▶ **WHAT NEEDS TO BE DONE**
Each line below from the line with "Molecules 26 05471 g002" to the line with "Guifeng Mountain Scenic" must be copied exactly, including those two, and no picture may appear in the copy.

---- DATA FOR PROCESSING

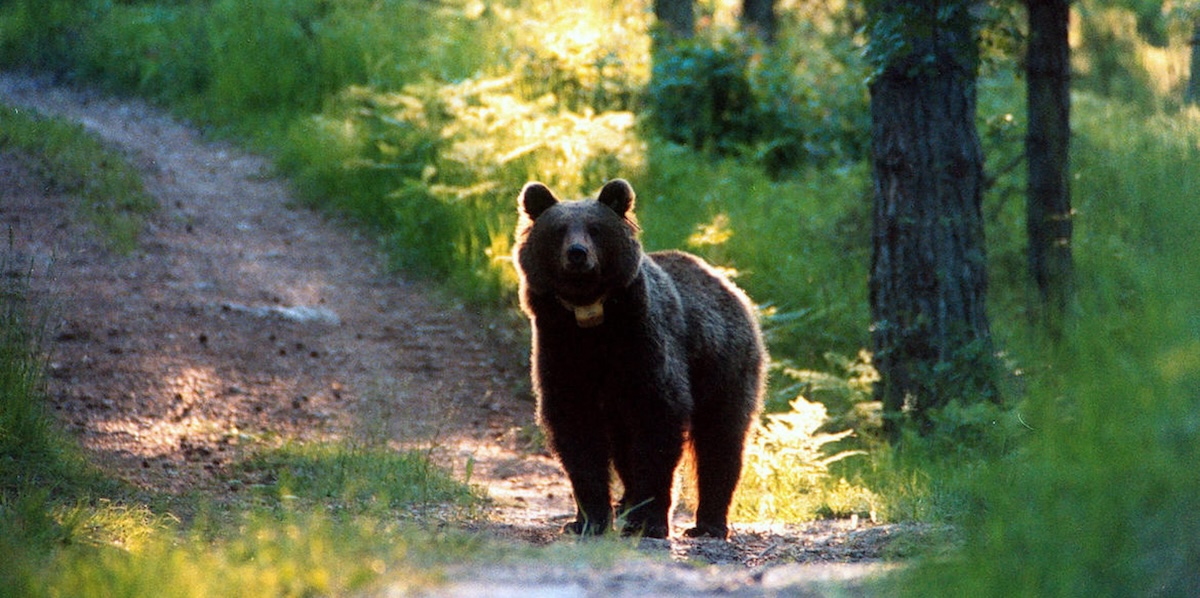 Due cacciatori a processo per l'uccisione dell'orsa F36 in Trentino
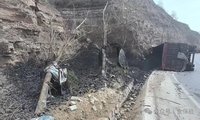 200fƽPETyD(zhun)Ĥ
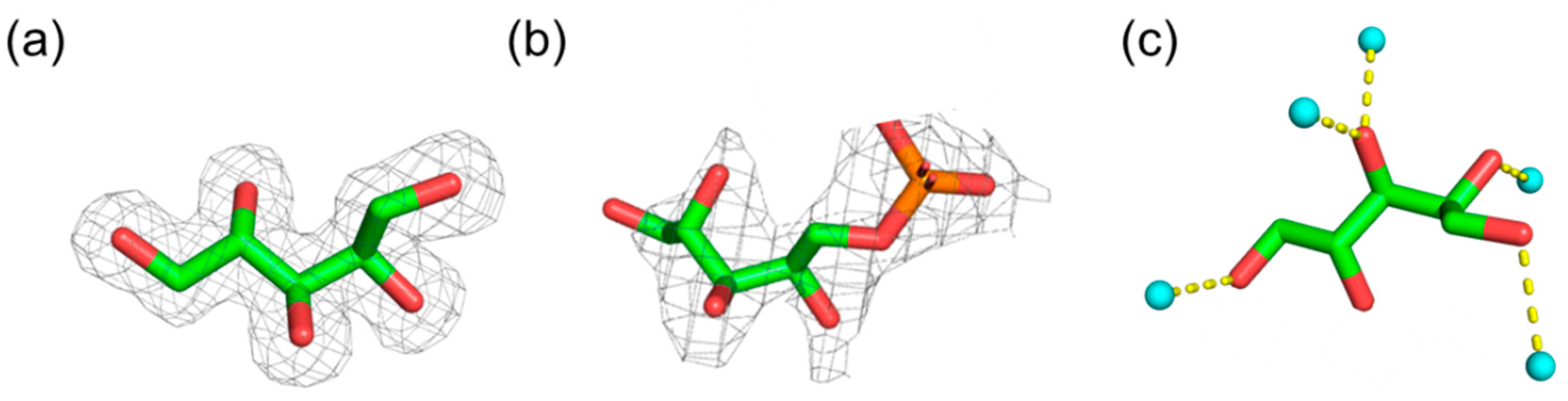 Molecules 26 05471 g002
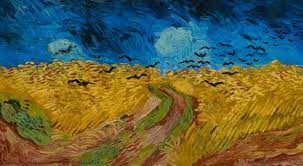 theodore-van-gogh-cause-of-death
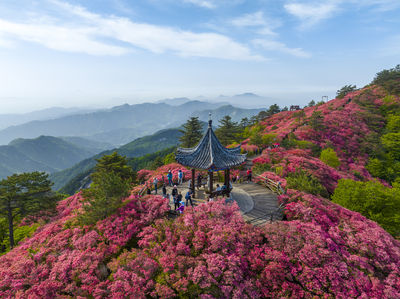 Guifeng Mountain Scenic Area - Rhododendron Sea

--------
---- DATA FOR PROCESSING

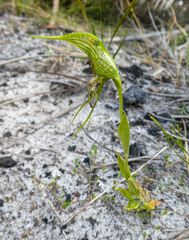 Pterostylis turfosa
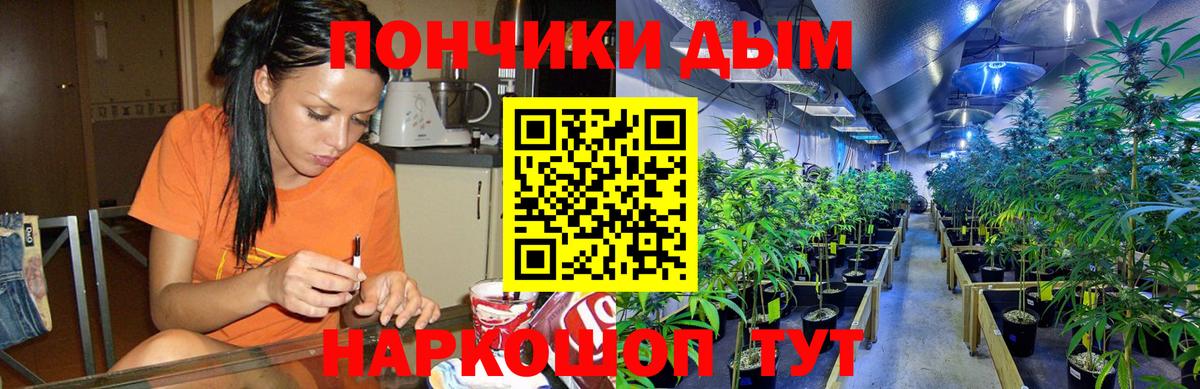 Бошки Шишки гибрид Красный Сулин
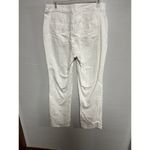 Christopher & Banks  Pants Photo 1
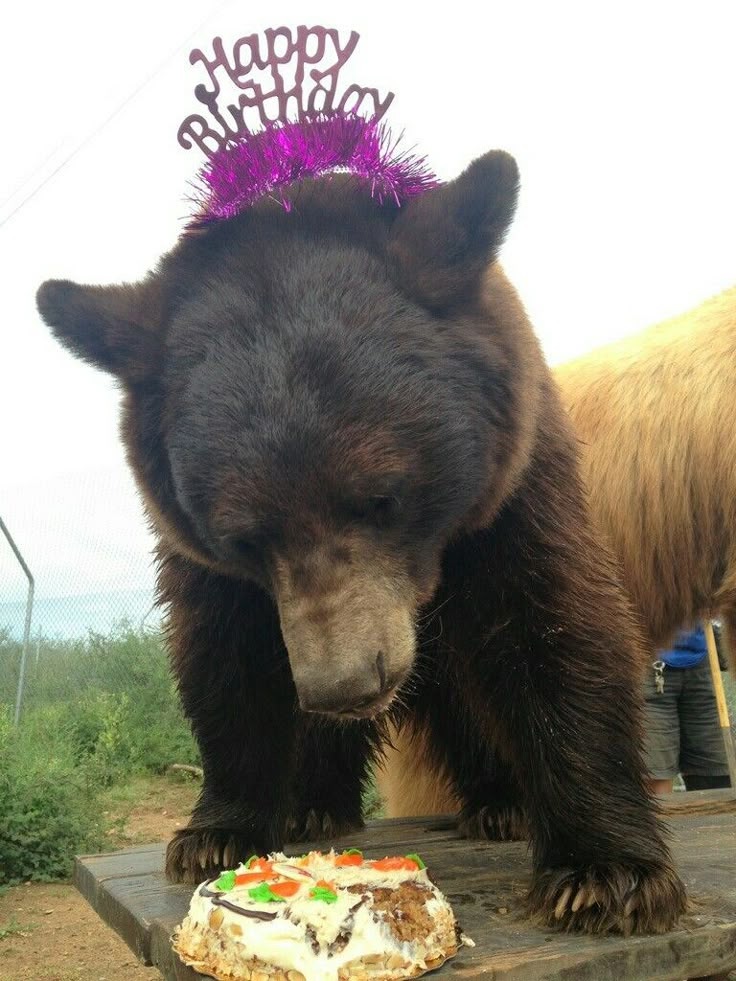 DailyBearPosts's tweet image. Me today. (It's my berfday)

--------

▶ **YOUR SOLUTION**
 Molecules 26 05471 g002
 theodore-van-gogh-cause-of-death
 Guifeng Mountain Scenic Area - Rhododendron Sea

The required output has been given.